My startup’s set-up is such that I develop the core functionality, and I do that using axon-based spring boot microservices. My events are immutable Java Classes; we have hundreds of those, and my microservices share these events in a shared APIs module.

My ML team needs to ingest said events, which poses a challenge. How do we document these hundreds of events and feasibly keep track of their changing definitions for both teams?

This need compelled me to switch from axon-server to Kaka to allow a polyglot ‘multi-team’ accessible, fast, and reliable system/business-event-streaming.

The other reason (for this switch) was the complexity and overhead of upcasting events. Kafka offers a schema registry that best works for evolving event schema definitions, which is superior to Axon’s upcasting model. The Kafka schema registry also supports apache AVRO, which is superior to Axon’s current message serializers - Jackson and Xstream.
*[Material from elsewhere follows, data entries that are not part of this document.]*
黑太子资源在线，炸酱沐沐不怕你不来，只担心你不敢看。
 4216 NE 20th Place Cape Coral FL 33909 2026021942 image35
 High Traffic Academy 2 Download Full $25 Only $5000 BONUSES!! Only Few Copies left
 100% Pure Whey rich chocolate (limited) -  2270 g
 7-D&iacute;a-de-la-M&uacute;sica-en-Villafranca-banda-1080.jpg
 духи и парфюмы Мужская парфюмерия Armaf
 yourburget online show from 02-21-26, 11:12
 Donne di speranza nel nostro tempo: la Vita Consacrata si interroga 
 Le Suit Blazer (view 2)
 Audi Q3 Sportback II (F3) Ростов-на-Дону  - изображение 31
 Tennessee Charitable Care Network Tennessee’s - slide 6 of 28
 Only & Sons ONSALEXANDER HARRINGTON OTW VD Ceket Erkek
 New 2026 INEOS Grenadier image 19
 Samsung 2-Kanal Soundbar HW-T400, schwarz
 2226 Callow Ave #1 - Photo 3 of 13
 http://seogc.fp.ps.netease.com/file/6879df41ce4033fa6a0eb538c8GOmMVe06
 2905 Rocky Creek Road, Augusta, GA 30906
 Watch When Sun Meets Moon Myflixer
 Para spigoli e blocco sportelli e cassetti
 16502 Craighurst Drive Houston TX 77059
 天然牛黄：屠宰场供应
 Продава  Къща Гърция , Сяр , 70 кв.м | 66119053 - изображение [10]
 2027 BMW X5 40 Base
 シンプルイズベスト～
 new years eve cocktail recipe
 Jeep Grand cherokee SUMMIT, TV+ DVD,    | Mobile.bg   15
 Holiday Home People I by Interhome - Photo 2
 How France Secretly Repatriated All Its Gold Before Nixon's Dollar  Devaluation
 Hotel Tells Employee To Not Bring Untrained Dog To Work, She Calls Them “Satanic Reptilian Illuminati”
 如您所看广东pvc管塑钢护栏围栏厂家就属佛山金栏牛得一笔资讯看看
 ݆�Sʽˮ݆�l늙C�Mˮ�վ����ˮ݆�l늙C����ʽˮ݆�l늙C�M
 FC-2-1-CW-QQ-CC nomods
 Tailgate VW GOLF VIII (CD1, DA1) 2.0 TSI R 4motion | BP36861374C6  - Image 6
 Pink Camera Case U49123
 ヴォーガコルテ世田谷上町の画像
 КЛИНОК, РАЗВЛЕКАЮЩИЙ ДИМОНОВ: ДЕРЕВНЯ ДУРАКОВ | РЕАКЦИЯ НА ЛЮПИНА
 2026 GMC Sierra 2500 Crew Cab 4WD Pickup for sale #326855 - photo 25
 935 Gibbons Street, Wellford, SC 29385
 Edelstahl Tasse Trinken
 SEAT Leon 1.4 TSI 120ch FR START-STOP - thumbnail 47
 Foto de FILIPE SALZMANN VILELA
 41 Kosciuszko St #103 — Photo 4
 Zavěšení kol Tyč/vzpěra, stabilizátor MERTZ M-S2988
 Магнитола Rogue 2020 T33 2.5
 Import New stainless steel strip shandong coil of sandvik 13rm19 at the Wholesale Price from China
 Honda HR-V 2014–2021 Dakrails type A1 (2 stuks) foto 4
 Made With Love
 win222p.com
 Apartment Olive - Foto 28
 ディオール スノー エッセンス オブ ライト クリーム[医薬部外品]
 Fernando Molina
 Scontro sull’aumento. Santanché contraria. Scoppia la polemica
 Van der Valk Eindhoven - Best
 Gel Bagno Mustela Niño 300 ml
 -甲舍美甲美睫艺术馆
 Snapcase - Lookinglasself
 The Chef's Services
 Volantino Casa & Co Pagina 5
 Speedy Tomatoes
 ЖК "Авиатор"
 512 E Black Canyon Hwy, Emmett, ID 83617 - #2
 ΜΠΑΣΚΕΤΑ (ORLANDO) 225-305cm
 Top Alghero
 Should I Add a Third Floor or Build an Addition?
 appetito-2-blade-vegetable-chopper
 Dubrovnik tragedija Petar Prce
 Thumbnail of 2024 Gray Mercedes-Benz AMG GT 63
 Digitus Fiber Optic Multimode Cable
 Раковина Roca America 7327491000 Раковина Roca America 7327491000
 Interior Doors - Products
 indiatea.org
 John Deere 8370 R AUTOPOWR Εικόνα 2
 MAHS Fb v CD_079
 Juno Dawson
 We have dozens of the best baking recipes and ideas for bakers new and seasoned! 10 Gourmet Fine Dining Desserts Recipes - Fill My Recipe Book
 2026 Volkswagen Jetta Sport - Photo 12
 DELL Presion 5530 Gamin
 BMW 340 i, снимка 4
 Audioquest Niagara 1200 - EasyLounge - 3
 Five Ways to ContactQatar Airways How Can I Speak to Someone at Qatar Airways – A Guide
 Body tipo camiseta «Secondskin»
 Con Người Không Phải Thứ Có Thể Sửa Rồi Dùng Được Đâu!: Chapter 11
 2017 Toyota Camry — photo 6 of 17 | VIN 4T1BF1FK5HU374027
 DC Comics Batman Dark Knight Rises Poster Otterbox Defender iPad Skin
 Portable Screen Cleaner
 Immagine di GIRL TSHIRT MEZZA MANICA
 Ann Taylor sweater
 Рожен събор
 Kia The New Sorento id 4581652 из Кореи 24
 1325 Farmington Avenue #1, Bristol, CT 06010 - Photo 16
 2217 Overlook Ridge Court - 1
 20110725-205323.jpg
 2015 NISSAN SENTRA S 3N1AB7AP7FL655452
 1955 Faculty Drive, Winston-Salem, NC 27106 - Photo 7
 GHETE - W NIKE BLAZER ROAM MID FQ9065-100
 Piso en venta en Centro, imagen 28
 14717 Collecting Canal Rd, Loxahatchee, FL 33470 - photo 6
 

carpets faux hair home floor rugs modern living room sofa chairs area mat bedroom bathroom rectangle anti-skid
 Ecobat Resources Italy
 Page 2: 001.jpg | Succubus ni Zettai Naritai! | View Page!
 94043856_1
Holixon has provided documentation and tooling to enable compatibility for Axon with Avro here. It’s pretty challenging to follow as their project is still under development. As far as I know, they are yet to support confluent’s schema registry for publishing and upcasting schema definitions.

In conclusion;
Kafka has allowed us to stream events amongst axon-based microservices and between Axon and non-axon actors. However, the supported serialization tooling - Jackson and Xstream have become insufficient as we need a distributed source of truth for our event schemas. Avro is well suited for the job; however, its general support is somewhat ‘lacking’. We need full support (if possible) for Apache Avro and Kafka Schema Registries, as it would unlock tremendous value in addition to what Axon already offers.

I need as much help as possible in integrating our Axon Microservices with Apache Avro + Confluent’s Kafka Schema Registry + Upcasting.

Best,
Kahiga Kiguru

I would not go as far as saying working with schema’s is superior to upcasting. Also please note that with schema’s to be backwards compatible, you need default values.

With Axon, when you have default values, you don’t need an upcaster. Also you are indeed free to use a different serializer.

I don’t think it should be hard to wrap the Confluent Avro Serde to create a Axon Serializer. But please realize this is not a golden bullet. As now you need some way to have schema’s and update them when there are changes. Yes, this can be done in such an API module, but it can be quite complicated.

For example you need to map the schema’s to the topics you want to use. Which depending on the strategy chosen can be hard. You could also auto register schema’s, but in that case you need good tests to ensure the changes are backwards compatible (or how you configured schema registry).

At the end I’m not sure it’s worth it, over using Jackson, and guarantee not to make braking changes. As long as you don’t remove fields, new data can still be read with ‘old’ Java Pojo’s. And if you add defaults, ‘old’ data can be read with the new Java Pojo’s.

For ML you could also have a ‘pure’ JSON serializer, that doesn’t even case about the original class. This is something I just thought of now, and might be interesting to add to framework.